Saturday, September 30, 2023

Three Six Nine: Catalogs

I do receive email from a couple of high-end sex toy shops out there over the aether.  I signed up for them largely as a source for gifts to young ladies of my acquaintance. They've been useful for that, though I want to note that there is something very depressing about shopping for sex toys. 

It isn't that the recipients haven't liked them. It's not that at all. Young ladies have been amused, aroused, and often quite grateful for the gifts. After all, any educated young lady here in the third decade of the new century is likely to appreciate a Lelo vibrator or a set of masks and blindfolds. Ben-wa balls remain a classic gift as well.

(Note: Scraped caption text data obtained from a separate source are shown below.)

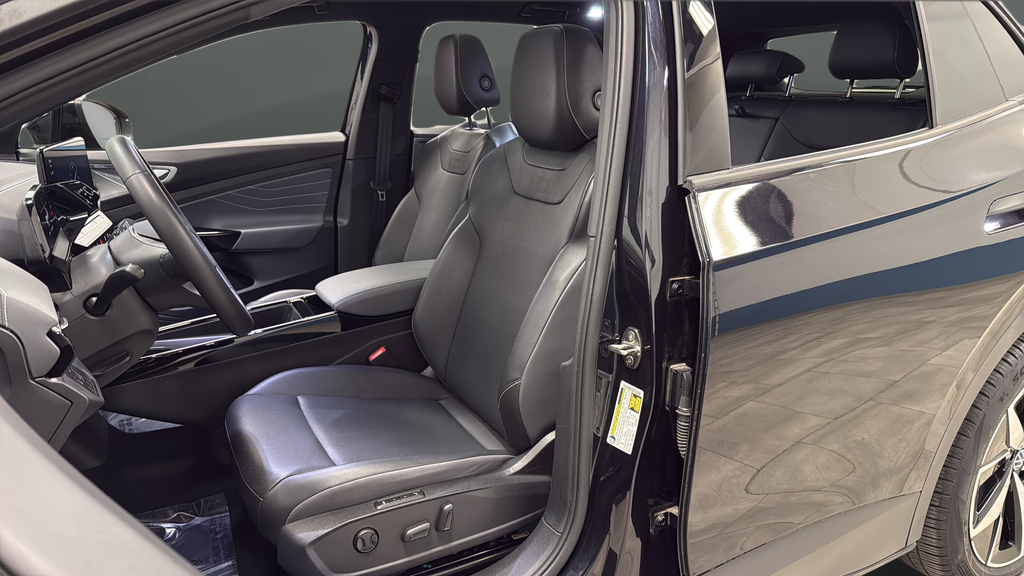 Used 2023 Deep Black Volkswagen Pro S image 9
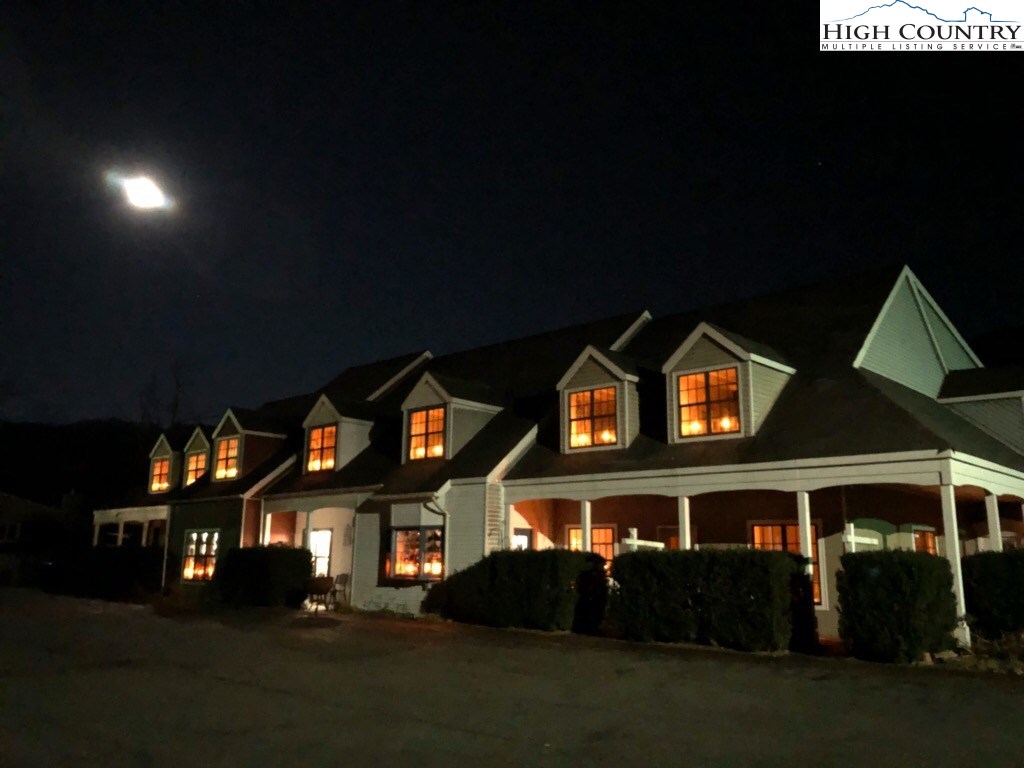 10545 Nc Highway 105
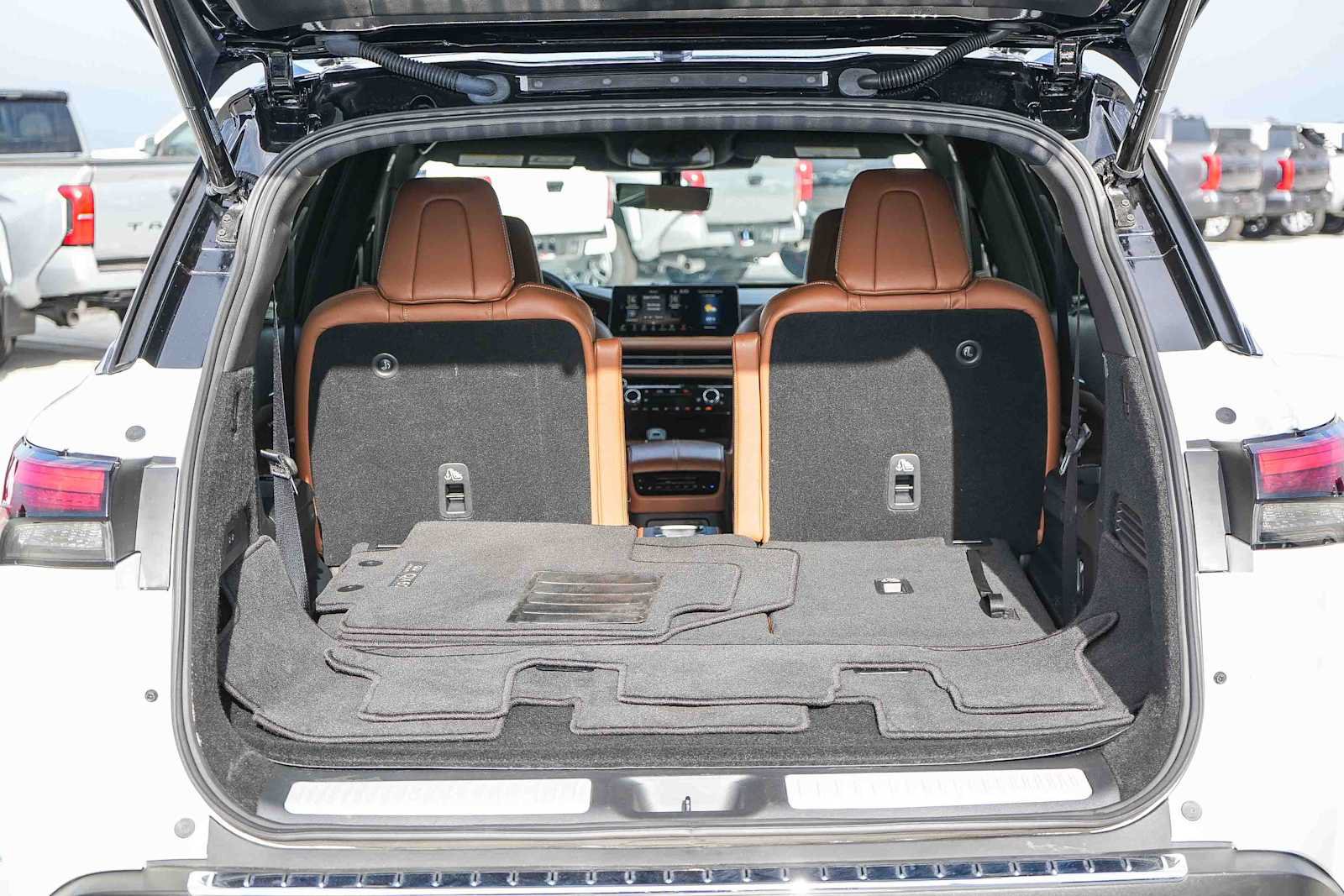 Used 2025 INFINITI QX60 Autograph w/ Cargo Package AWD/4WD image 29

But there's something depressing about it all. A high-end sex toy shop (let's say, e.g., Good Vibrations) has nothing really to offer males. Lovely and adventuresome young ladies can experiment with sex toys and feel empowered. There's no male equivalent for that. Sex toys nominally designed for males are depressing things. They lack any sort of erotic allure, and they all seem to symbolize failure.

Consider the so-called Fleshlight. There's no equivalence with a Lelo vibrator. The Lelo enhances pleasure. It teaches young ladies how to make their bodies respond. It can be used on a lovely girl by a partner. A Fleshlight, though, is a clear symbol of failure. A male user is inserting himself in a vibrating tube because he's incapable of having a partner. A girl can use a Lelo on herself while describing sensations to a partner. A male with a Fleshlight has nothing erotic to say, and almost by definition he has no one to say it to.

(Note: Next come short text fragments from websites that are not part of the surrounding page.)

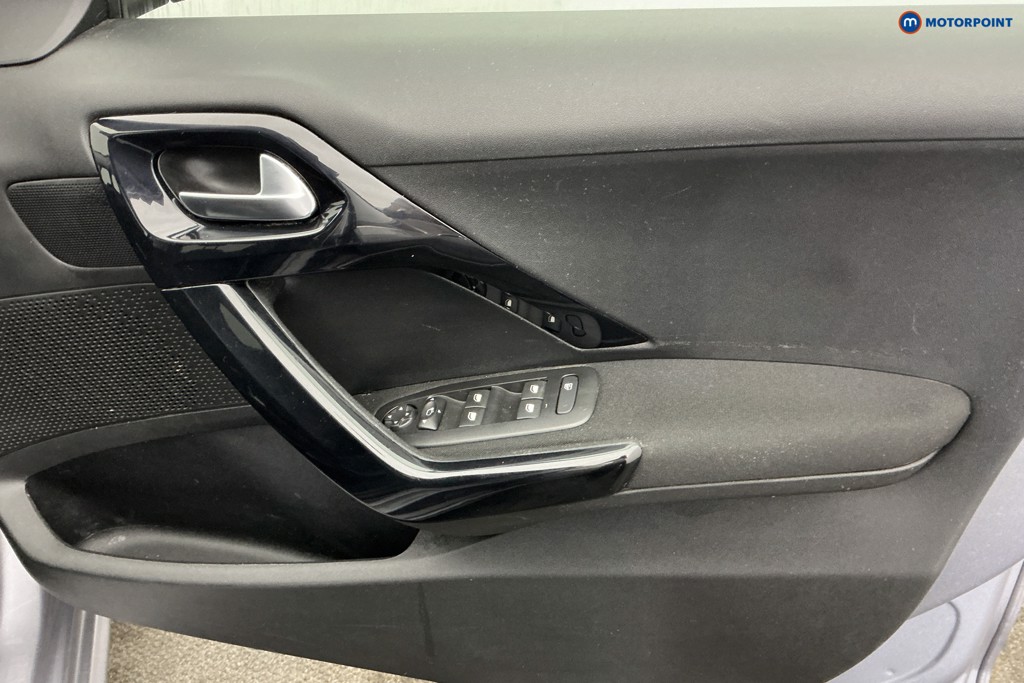 Peugeot 208 Tech Edition Manual Petrol Hatchback - Stock Number (1641092) - 24th supplementary image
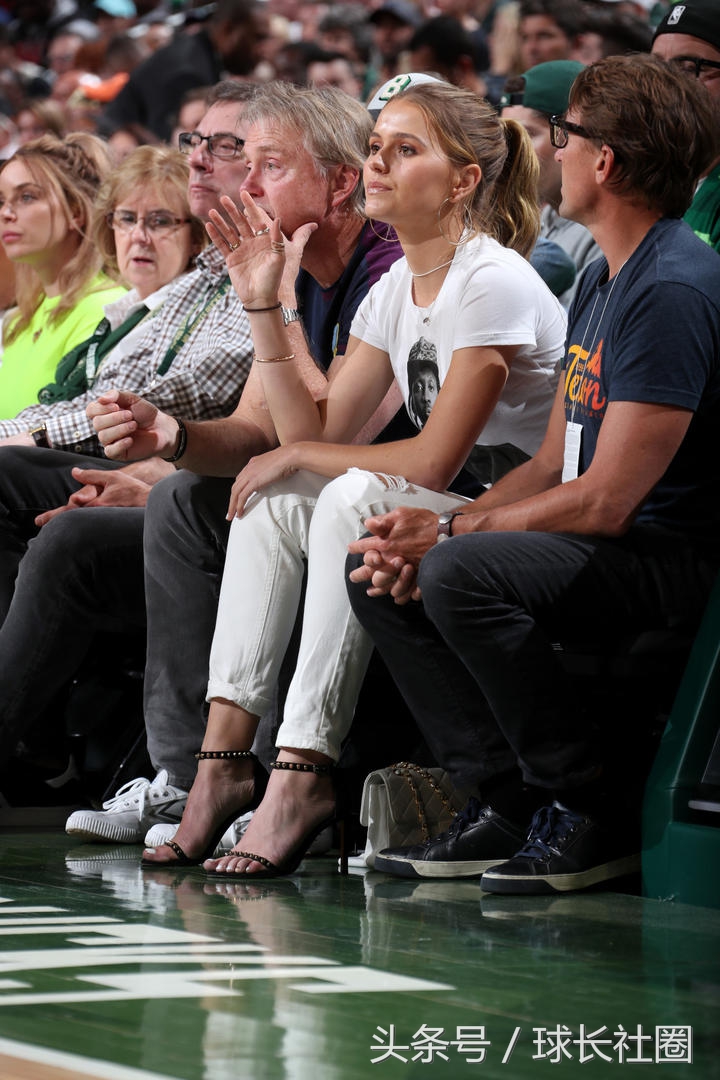 猛龙球迷drake伦纳德,猛龙球迷drake是谁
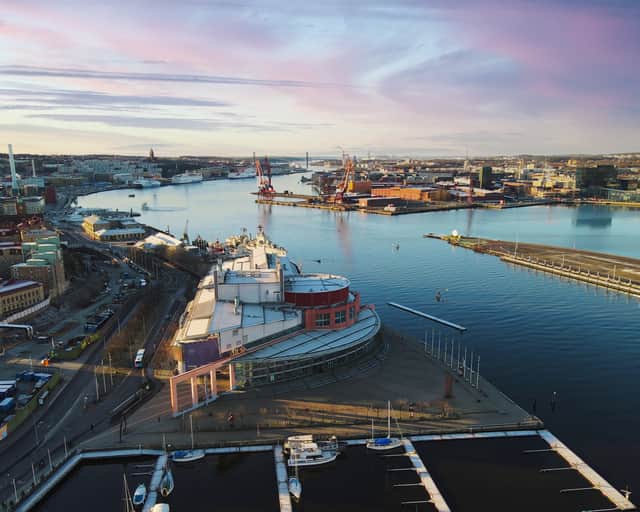 Vy över Göteborgs hamn.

I cannot imagine using any of the "For Him" toys in the Good Vibrations catalog. I cannot imagine placing my person-- my ummm...parts --in some kind of battery-operated sheath. The thought of putting myself into some electrically-powered cylinder (or putting some electrical appliance into my body) is rather terrifying. And I'm certainly not about to put my parts into something powered by clockwork mechanisms. That would be...well, just no. I'm not about to risk some electrical mishap, let alone some mechanical failure, just to use an item that tells the world that I'm a social and sexual failure. 

The only sort of sex toy that I can imagine using wouldn't be a sheath or cylinder (all too reminiscent of jokes about watermelons or pies or pieces of liver). It could only be some kind of cyberpunk headset that would act directly on my brain. Something that would trigger pleasure impulses and sensations in my brain would have a sci-fi air about it. It wouldn't be about some battery-powered tube. It wouldn't touch anything near one's parts. It would be about neuroscience and maybe virtual reality. It wouldn't seem so much about physical failure. 

By the way, you get extra points if you can identify the liver and pie references. 

Male pleasure remains a source of derisive, contemptuous amusement. Males pleasuring themselves are risible. The very idea draws cruel mockery. No young lady has to face derision for using a Lelo. Male pleasure has no sense of adventure attached. 

I can give gifts designed to enhance pleasure, but there is no plausible way I could receive a gift designed to enhance my own pleasure. I can't even think of a way to discuss the topic with a young lady of my acquaintance. We really have no present set of talking points for male pleasure, and no hi-tech work being done to create male pleasure enhancers that don't make one a sad joke.